• Your assignment: From the material below, reproduce exactly the stretch of lines that begins with the line holding "Hey everyone, so" and ends with the line holding "First, set up", skipping the pictures.

• Extracted data:
◇ ◇ ◇ ◇ ◇

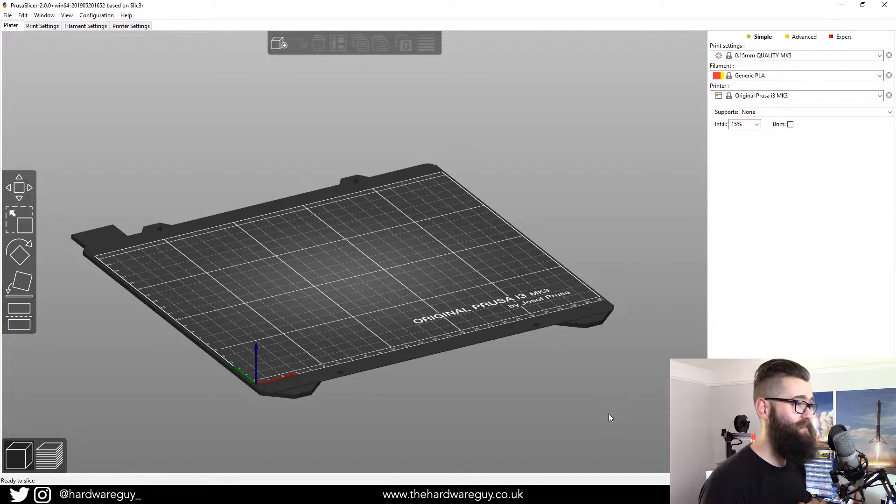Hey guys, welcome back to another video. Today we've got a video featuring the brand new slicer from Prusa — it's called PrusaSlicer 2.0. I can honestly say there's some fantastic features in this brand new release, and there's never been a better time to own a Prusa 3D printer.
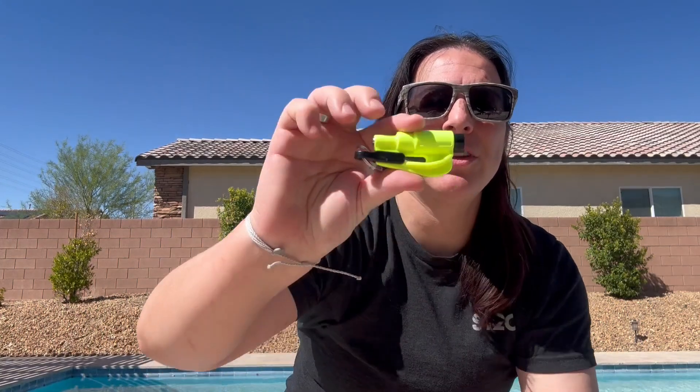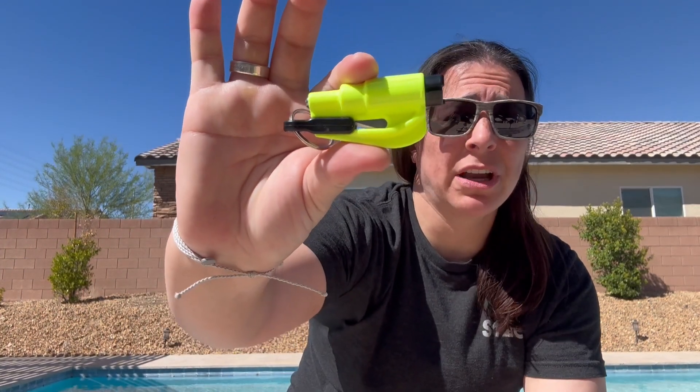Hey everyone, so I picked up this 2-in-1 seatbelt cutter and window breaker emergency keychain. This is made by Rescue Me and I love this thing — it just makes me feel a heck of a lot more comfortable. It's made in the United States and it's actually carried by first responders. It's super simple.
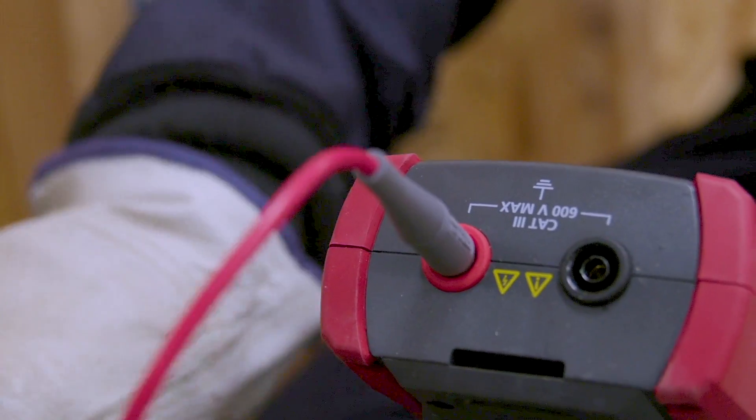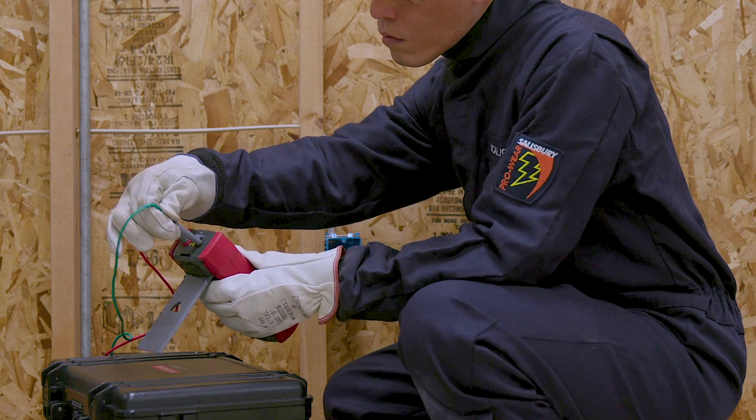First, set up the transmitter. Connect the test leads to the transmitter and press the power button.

◇ ◇ ◇ ◇ ◇

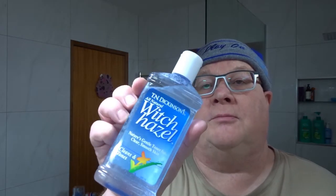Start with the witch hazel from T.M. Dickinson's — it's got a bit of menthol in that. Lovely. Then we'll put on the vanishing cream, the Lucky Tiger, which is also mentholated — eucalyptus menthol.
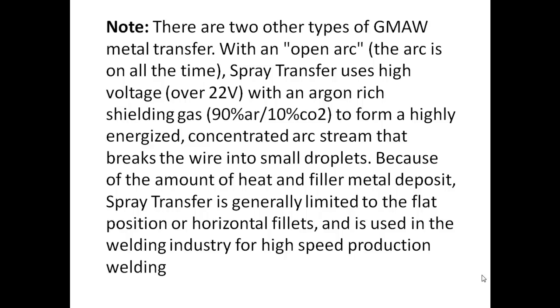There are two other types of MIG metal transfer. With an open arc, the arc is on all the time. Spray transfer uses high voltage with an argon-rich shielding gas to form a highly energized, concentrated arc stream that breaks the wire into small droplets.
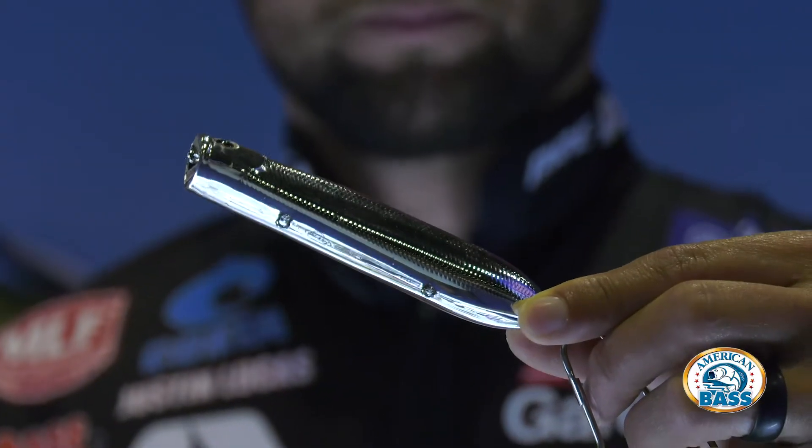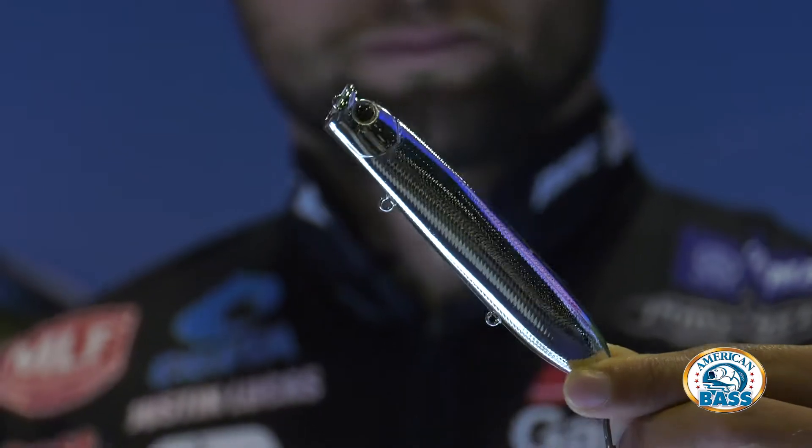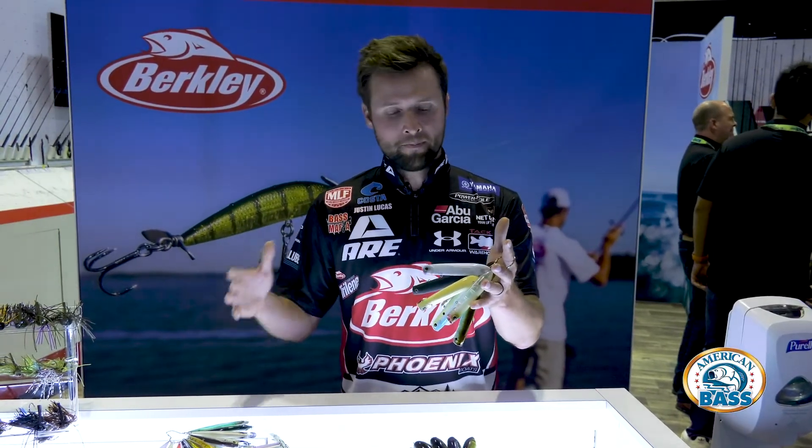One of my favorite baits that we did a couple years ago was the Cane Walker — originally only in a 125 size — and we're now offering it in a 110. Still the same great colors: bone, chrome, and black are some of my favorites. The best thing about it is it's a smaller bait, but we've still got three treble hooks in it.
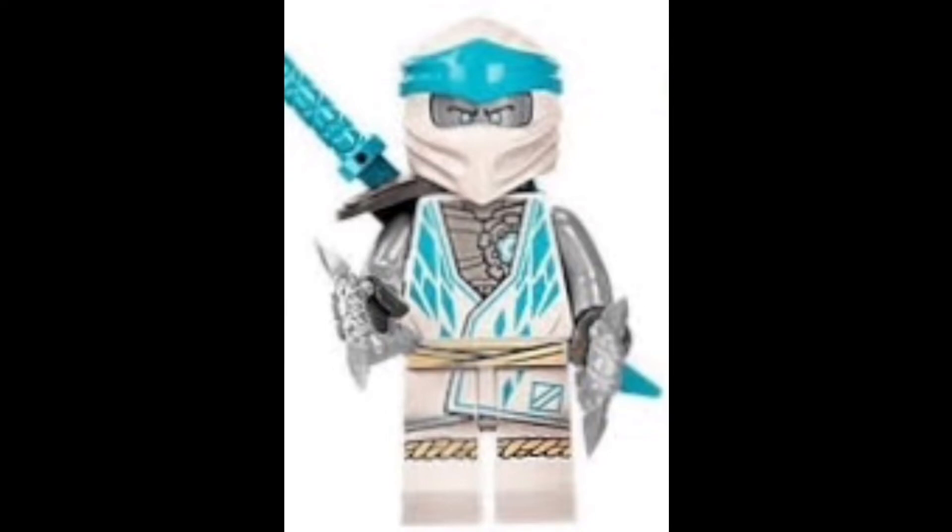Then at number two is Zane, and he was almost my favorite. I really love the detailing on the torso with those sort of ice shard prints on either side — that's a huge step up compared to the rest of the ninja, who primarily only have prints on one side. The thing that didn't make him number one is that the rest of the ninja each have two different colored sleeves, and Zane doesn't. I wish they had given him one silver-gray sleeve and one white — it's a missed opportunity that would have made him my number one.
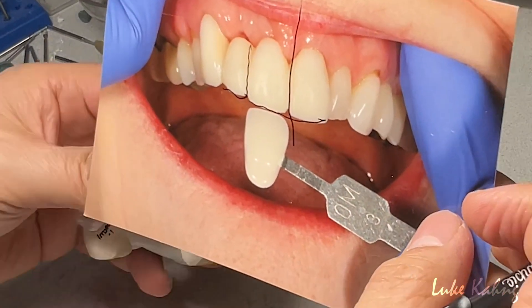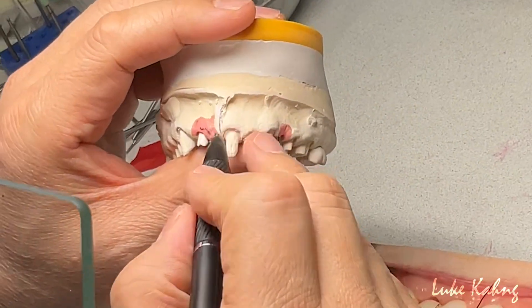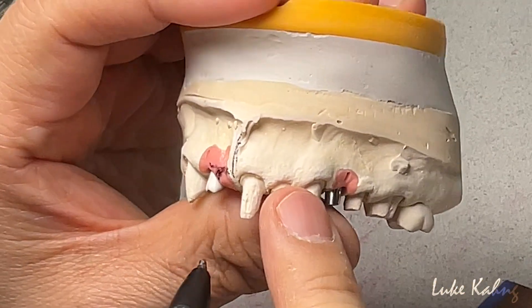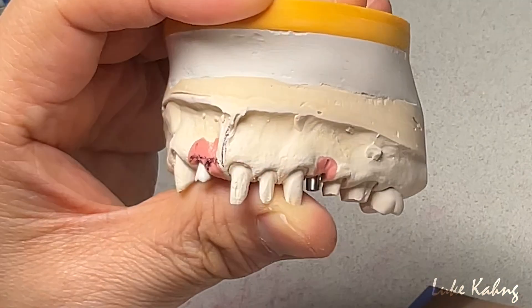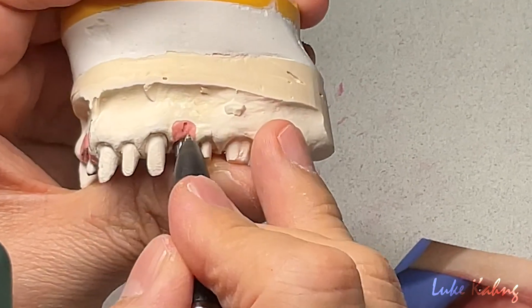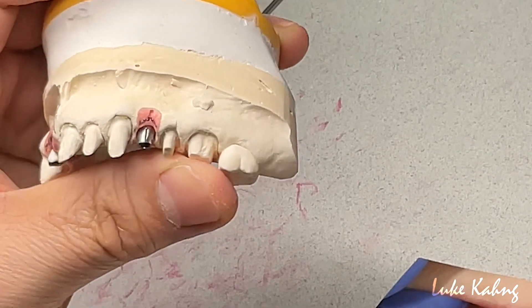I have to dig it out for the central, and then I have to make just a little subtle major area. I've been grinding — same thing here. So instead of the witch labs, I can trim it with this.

◇ ◇ ◇ ◇ ◇

• Response to the task:
Hey everyone, so I picked up this 2-in-1 seatbelt cutter and window breaker emergency keychain. This is made by Rescue Me and I love this thing — it just makes me feel a heck of a lot more comfortable. It's made in the United States and it's actually carried by first responders. It's super simple.
First, set up the transmitter. Connect the test leads to the transmitter and press the power button.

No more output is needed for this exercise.